参考)https://www.takii.co.jp/tsk/bugs/atu/seiri/magunesiumu_ketsubou/
ただし、葉面散布はあくまで「応急処置」であることを忘れてはいけません。葉から吸収できる量には限界があり、植物体全体が必要とするマグネシウム需要のすべてを賄うことは難しいからです。特に果実肥大期のような最大需要期には、根からの安定的な供給がなければ、葉面散布をやめた途端に再び欠乏症状が現れる可能性があります。
したがって、理想的な対策フローは以下のようになります。まず、初期症状を発見したら直ちに硫酸マグネシウムの葉面散布を行い、光合成能力の低下を食い止めます。それと並行して、即効性のある水溶性マグネシウム肥料(キーゼライトや水酸化マグネシウム液剤など)を株元に追肥・灌水し、根からの供給ルートを確保します。さらに、次作に向けては苦土石灰(ドロマイト)や水酸化マグネシウム資材を用いて土壌pHを調整し、緩効的にマグネシウムが供給される土作りを行うという、短期・中期・長期の視点を組み合わせた管理が求められます。
注意点として、日中の高温時に葉面散布を行うと、水分が急激に蒸発して成分が濃縮され、葉焼け(濃度障害)を起こすリスクがあります。散布は早朝や夕方の涼しい時間帯に行い、葉の裏表にまんべんなく霧状にかかるように丁寧に行うことが、効果を最大化するコツです。
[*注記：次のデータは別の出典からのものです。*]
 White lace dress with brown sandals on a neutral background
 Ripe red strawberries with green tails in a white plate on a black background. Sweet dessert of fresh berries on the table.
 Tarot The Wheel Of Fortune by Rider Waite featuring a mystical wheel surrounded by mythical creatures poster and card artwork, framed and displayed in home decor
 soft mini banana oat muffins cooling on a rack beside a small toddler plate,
一般的に「マグネシウム欠乏=葉緑素が作れない」という理解が広まっていますが、実は植物体内で起きている生理的な障害はそれ以上に深刻で複雑な連鎖反応を含んでいます。特に注目すべきは、ショ糖輸送(糖の転流)の停滞と、それに伴う活性酸素の発生というメカニズムです 。
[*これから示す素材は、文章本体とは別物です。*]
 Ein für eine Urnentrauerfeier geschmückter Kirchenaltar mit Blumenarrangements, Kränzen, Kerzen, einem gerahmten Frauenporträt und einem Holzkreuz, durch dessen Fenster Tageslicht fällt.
参考)https://pmc.ncbi.nlm.nih.gov/articles/PMC4613352/
マグネシウムは、光合成反応を触媒する酵素「ルビスコ(Rubisco)」の活性化に不可欠であるだけでなく、光合成によって生産された同化産物(主にショ糖)を、葉(ソース)から果実や根(シンク)へ積み出す際の「積み込み作業(phloem loading)」にも深く関与しています。具体的には、ショ糖輸送タンパク質(トランスポーター)の働きにはエネルギー(ATP)が必要であり、このATP-Mg複合体の形成にマグネシウムが必須なのです。
マグネシウムが欠乏すると、このショ糖の積み出し作業が滞ります。すると、光合成を行っている葉の中に、行き場を失ったショ糖やデンプンが異常蓄積してしまいます 。糖が過剰に溜まった葉では、「これ以上光合成をする必要はない」というフィードバック阻害がかかり、光合成速度が低下します。しかし、植物には太陽光が当たり続けるため、光エネルギー自体は吸収され続けます。
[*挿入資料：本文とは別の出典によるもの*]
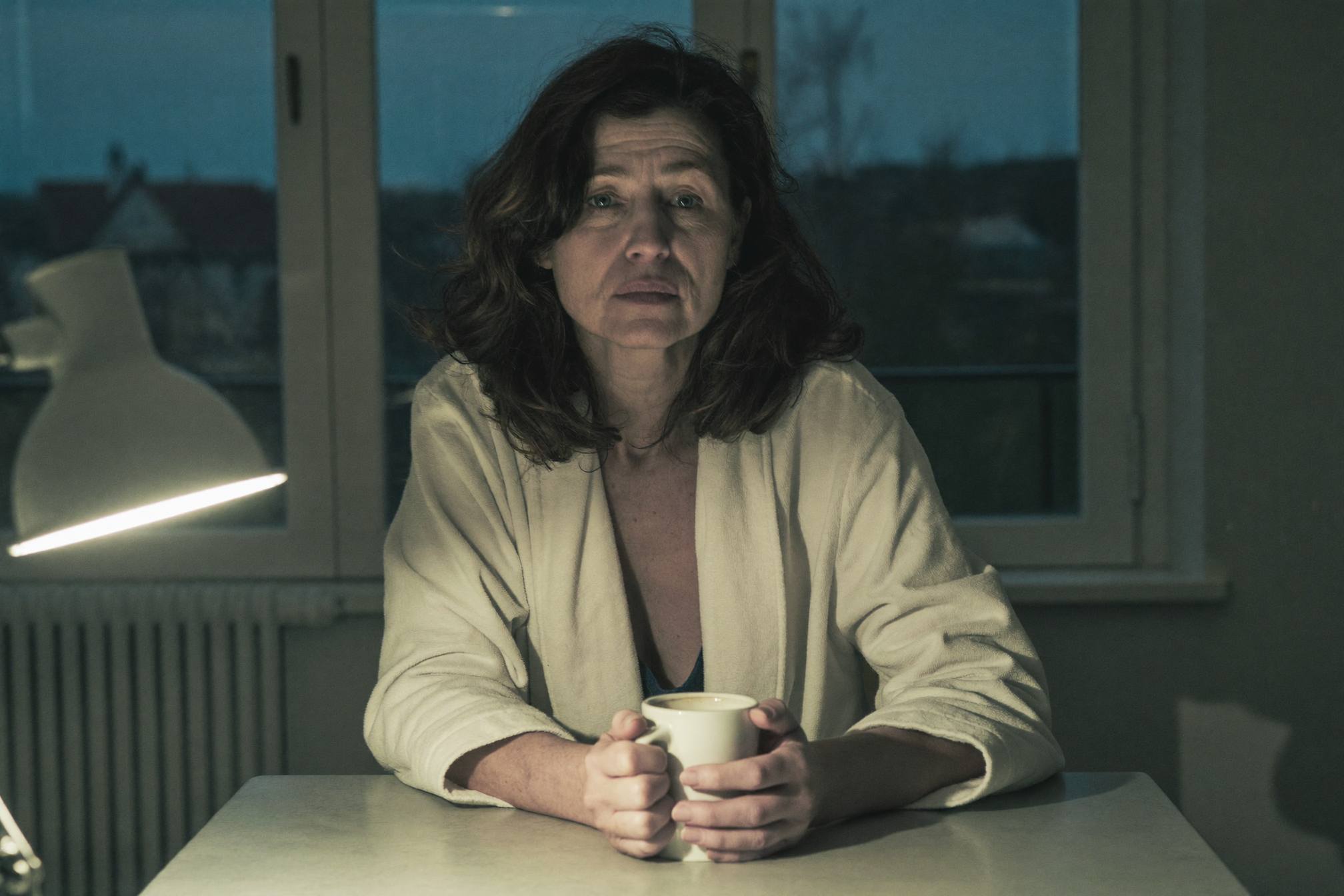 Frau früh morgens am Küchentisch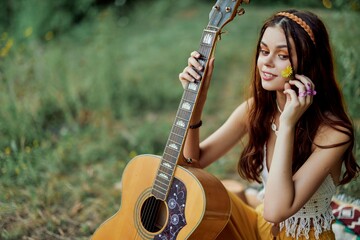 Happy hippie woman with a guitar relaxing in nature sitting on a plaid smiling and enjoying the...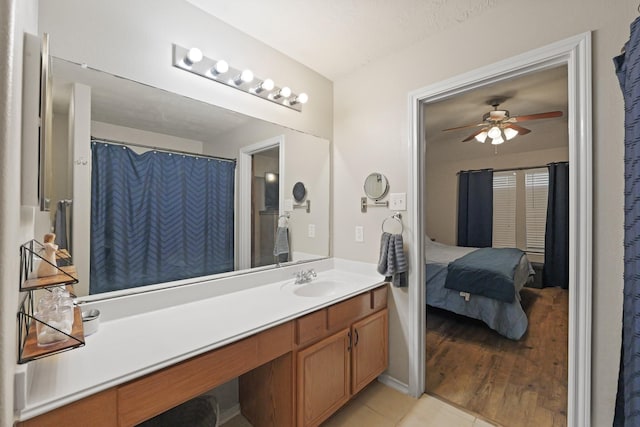 15010 Sunset Villa Ct, Humble, TX 77396 - bathroom featuring connected bathroom, a ceiling fan, vanity, and tile patterned floors
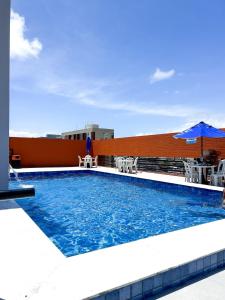 a swimming pool on the roof of a building at I-17 um Studio aconchegante in Maceió
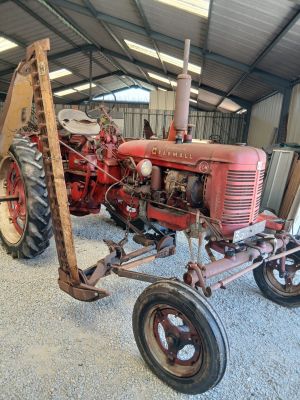 un tracteur rouge garé à l'intérieur d'un bâtiment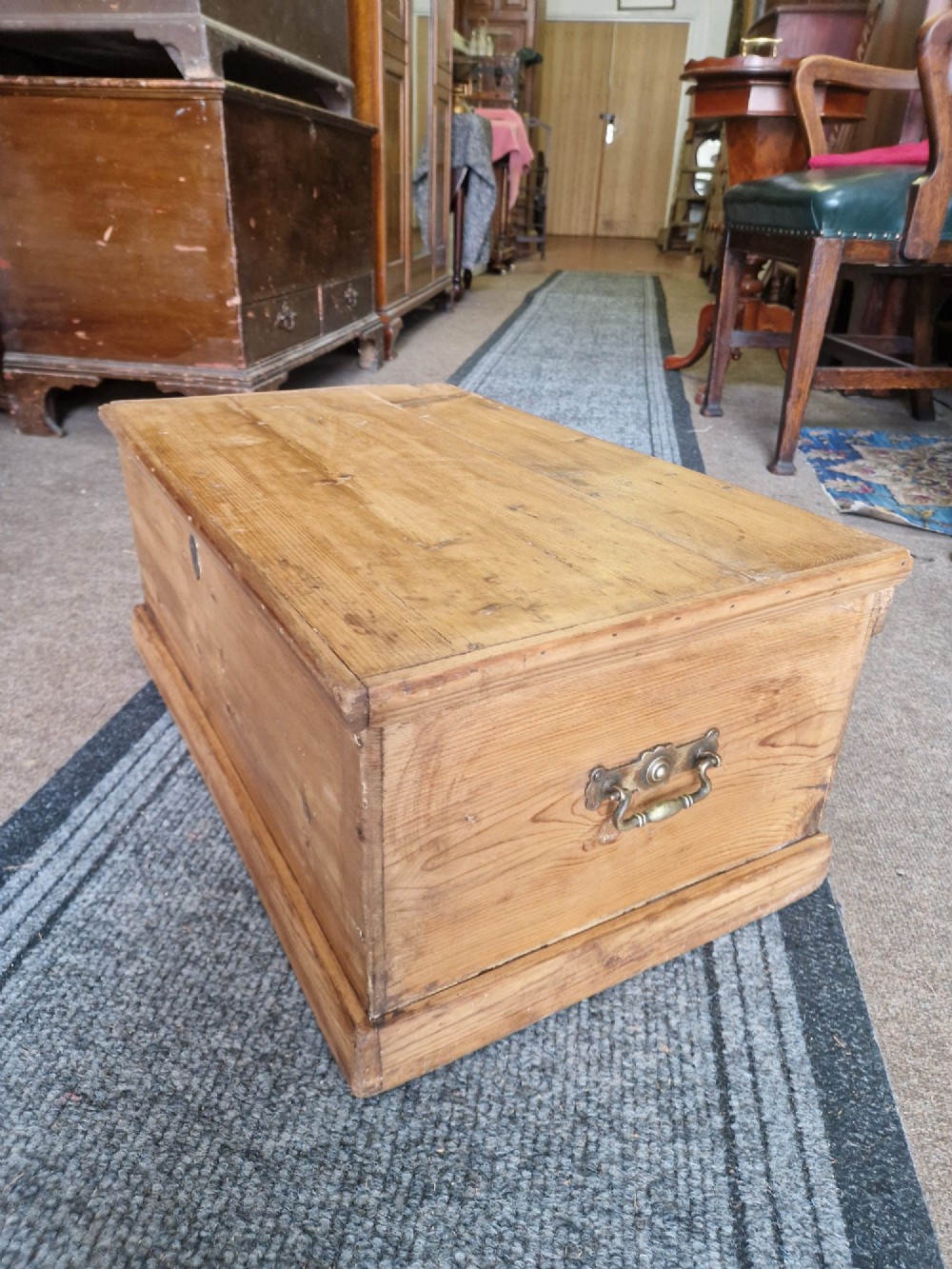 A rectangular antique pine storage box with a hinged lid, tapered sides, a moulded base, and an iron keyhole escutcheon on the front. View II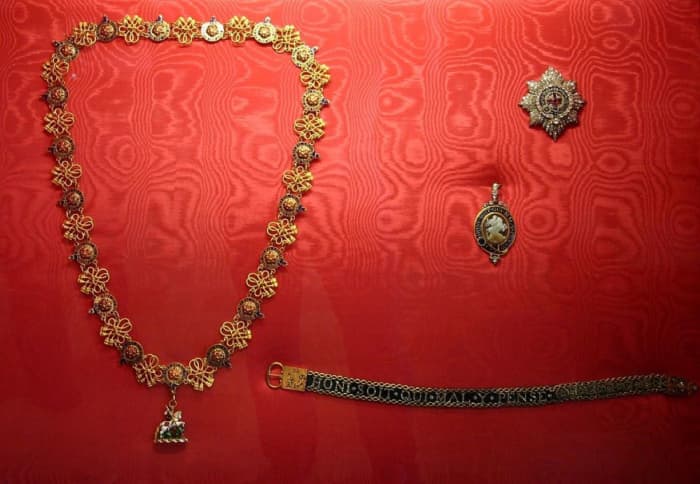The insignia of the Order of the Garter: The collar, star, badge and garter.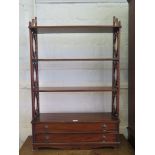 A George III style mahogany hanging bookcase, the four shelves with feet carved supports over two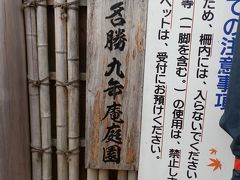 　仁比山神社仁王門をくぐり抜け、坂の参道を上ぼりつめると、その左手には緑の生け垣に囲まれた風雅な葦葺の屋根が見えます。そこが旧伊丹家住宅、通称「九年庵」です。　
　名勝九年庵庭園への入口です。素朴な表札が掛かっていました。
利用されない過剰な光エネルギーは、植物にとって非常に危険な存在となります。消費しきれないエネルギーは酸素分子へ渡され、毒性の高い「活性酸素(ROS)」を大量に発生させてしまうのです 。この活性酸素が細胞膜や葉緑体構造を酸化して破壊し、結果として葉の組織が死滅(クロロシスやネクロシス)に至ります。つまり、目に見える「葉の黄化」は、単なる材料不足ではなく、糖の輸送渋滞によって引き起こされた「光障害(強光阻害)」の結果であるという側面が強いのです。
参考)植物における低マグネシウム環境での生存戦略とは
この知見は、対策においても重要な示唆を与えてくれます。マグネシウム欠乏が疑われる場合、単に肥料を与えるだけでなく、強い光を和らげる(遮光する)ことが、一時的に活性酸素によるダメージを軽減するのに有効である可能性があります。また、曇天続きの後に急に晴天になった際などに症状が激化しやすいのも、この光エネルギーと糖輸送のバランス崩壊が関係しています。最新の研究では、欠乏のごく初期段階(葉色が変化する前)から、すでに根や果実への糖配分が減少していることが報告されており 、目に見える症状が出る前の「隠れ欠乏」の段階で、すでに収量への悪影響が始まっているという事実は、生産者にとって衝撃的な事実と言えるでしょう。
最後に、あまり一般的には語られないものの、植物が能動的にマグネシウムを獲得しようとする生存戦略の一つ、根酸(こんさん)の役割について掘り下げてみましょう。植物の根は、単に土壌にある養分を吸い上げるだけのストローではありません。自ら有機酸(クエン酸やリンゴ酸などの根酸)や水素イオンを分泌し、土壌環境を自らに都合の良いように改変する能力を持っています 。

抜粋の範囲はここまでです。